Help! Host turning off allow_url_fopen

**eyeofhorus** · 03-20-2005, 07:22 AM

I need help with my current store installation (MAX 1.7 installed November 2004) because my host is making a change which I think will break the functionality, namely, turning off allow_url_fopen. But I'm not sure.

My understanding is that any variables or includes which begin with "http://" will no longer work. I think osCommerce relies on this. But I'm not a php jock. Just a fan. So I can customize my store to a degree, but not gut it or create a contribution.

Am I right--that turning off allow_url_fopen will break my store? Can I easily fix this? Or should I be looking for a new host?

Here is applicable section of the note from Dreamhost:

The security issue for our servers is still severe and we will still be turning off the allow_url_fopen option soon, but anyone who is currently relying on it will have some time to make the necessary code changes.
This will be your only announcement regarding this and you must make any necessary code changes before the deadline.

The deadline for any PHP code changes is March 29, 2005. We will be turning off the allow_url_fopen option shortly after that date.

If you are currently using this functionality in your PHP code, there is a more powerful and flexible option available. PHP provides excellent support for curl library and its associated functions.

One of our own users has written a short article describing how it is used and that can be found here:
http://blog.unitedheroes.net/archives/p/1630/

At this point I'm kind of trying to decide whether or not to panic. I can't ramp up my php knowledge in that amount of time, because I have a full-time day job and support this site for my SO at night. I also really like dreamhost, but this has thrown me for a loop. I've a message into them, but they haven't been really good when it comes to truly technical topics lately.

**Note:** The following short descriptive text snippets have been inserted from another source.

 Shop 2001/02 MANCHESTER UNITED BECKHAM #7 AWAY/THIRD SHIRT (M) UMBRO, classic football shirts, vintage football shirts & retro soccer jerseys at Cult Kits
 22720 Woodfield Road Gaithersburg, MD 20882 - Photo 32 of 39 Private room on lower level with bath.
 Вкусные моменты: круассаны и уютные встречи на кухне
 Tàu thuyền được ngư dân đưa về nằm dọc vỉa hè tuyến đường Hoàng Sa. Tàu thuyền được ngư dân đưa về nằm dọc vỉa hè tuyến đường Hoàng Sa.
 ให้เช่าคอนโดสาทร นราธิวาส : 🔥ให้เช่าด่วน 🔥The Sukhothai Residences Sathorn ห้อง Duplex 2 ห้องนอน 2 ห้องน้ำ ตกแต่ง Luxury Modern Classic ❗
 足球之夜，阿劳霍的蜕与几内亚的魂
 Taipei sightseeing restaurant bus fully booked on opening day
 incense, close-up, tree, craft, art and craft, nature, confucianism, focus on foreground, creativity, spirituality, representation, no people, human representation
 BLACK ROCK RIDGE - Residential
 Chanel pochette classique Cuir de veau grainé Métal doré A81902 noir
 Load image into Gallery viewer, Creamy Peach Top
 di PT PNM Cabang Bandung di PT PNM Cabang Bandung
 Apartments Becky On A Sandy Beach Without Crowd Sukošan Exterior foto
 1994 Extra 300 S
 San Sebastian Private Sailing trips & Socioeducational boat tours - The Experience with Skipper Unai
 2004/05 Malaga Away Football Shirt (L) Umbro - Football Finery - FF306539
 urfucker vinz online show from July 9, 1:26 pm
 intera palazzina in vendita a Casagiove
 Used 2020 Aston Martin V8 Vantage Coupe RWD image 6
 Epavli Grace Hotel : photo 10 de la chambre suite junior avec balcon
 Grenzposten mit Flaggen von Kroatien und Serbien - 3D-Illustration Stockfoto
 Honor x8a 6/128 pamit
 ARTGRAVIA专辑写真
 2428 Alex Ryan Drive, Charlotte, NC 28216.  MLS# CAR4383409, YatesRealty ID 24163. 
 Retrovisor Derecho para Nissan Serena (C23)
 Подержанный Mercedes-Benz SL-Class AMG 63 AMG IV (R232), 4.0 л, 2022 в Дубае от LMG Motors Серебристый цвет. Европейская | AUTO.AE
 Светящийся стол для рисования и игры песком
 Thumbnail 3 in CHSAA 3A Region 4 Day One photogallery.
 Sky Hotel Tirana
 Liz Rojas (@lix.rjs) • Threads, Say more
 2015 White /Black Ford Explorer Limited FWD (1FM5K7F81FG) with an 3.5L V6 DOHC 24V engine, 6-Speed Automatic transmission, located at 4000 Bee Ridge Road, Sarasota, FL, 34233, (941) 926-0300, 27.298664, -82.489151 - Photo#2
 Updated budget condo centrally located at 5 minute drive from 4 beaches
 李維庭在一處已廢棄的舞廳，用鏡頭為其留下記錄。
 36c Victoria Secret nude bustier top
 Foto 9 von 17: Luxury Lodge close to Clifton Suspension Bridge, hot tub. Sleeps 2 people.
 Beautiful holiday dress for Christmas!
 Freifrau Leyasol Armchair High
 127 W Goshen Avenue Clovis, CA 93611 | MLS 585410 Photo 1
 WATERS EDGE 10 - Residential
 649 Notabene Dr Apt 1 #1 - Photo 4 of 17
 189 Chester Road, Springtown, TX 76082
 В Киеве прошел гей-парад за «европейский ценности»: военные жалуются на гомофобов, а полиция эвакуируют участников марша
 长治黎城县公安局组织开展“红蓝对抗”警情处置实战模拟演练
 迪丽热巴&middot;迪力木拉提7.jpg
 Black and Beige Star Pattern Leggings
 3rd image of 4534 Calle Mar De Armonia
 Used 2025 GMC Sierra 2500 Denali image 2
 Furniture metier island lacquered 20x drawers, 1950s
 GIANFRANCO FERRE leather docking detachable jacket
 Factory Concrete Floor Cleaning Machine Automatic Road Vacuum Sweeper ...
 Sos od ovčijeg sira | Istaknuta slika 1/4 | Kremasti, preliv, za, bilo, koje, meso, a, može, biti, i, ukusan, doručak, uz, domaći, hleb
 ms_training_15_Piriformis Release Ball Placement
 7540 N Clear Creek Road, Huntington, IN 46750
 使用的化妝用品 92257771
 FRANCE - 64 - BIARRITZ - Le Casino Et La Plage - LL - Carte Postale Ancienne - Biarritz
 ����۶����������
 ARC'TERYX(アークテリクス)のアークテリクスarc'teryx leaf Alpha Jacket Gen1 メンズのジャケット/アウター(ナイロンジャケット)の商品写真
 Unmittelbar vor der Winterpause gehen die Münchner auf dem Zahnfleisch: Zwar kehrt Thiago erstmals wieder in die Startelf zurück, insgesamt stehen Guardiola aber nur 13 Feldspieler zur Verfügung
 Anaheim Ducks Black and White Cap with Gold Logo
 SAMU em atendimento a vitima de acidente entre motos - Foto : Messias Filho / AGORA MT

Any advice/help would be greatly appreciated.

Thanks!
Jane

**michael_s** · 03-20-2005, 07:50 AM

Jane,

I just ran a test of this on our development shop, and it does not seem to break osCMax at all. I have not run complete tests, but superficially, it does not affect the overall function of the application. Of course, if you have made modifications to osCMax that require fopen wrappers, you will get error messages from php that tell you where the problem is, but again, it does not break the application.

**eyeofhorus** · 03-20-2005, 09:21 AM

That is good news! Thanks for checking and keep me updated if you find any issues.

The only "modification" I have was to the template and text . . . and to install an SSL certificate. I'm still wondering if it would be an issue to go from http: to https:

Jane

**michael_s** · 03-20-2005, 09:46 AM

This change (fopen = off) has nothing to do with ssl or switching between http or https. It has to do with allowing files to be called in html using full url's to the file instead of local relative paths. You will be fine.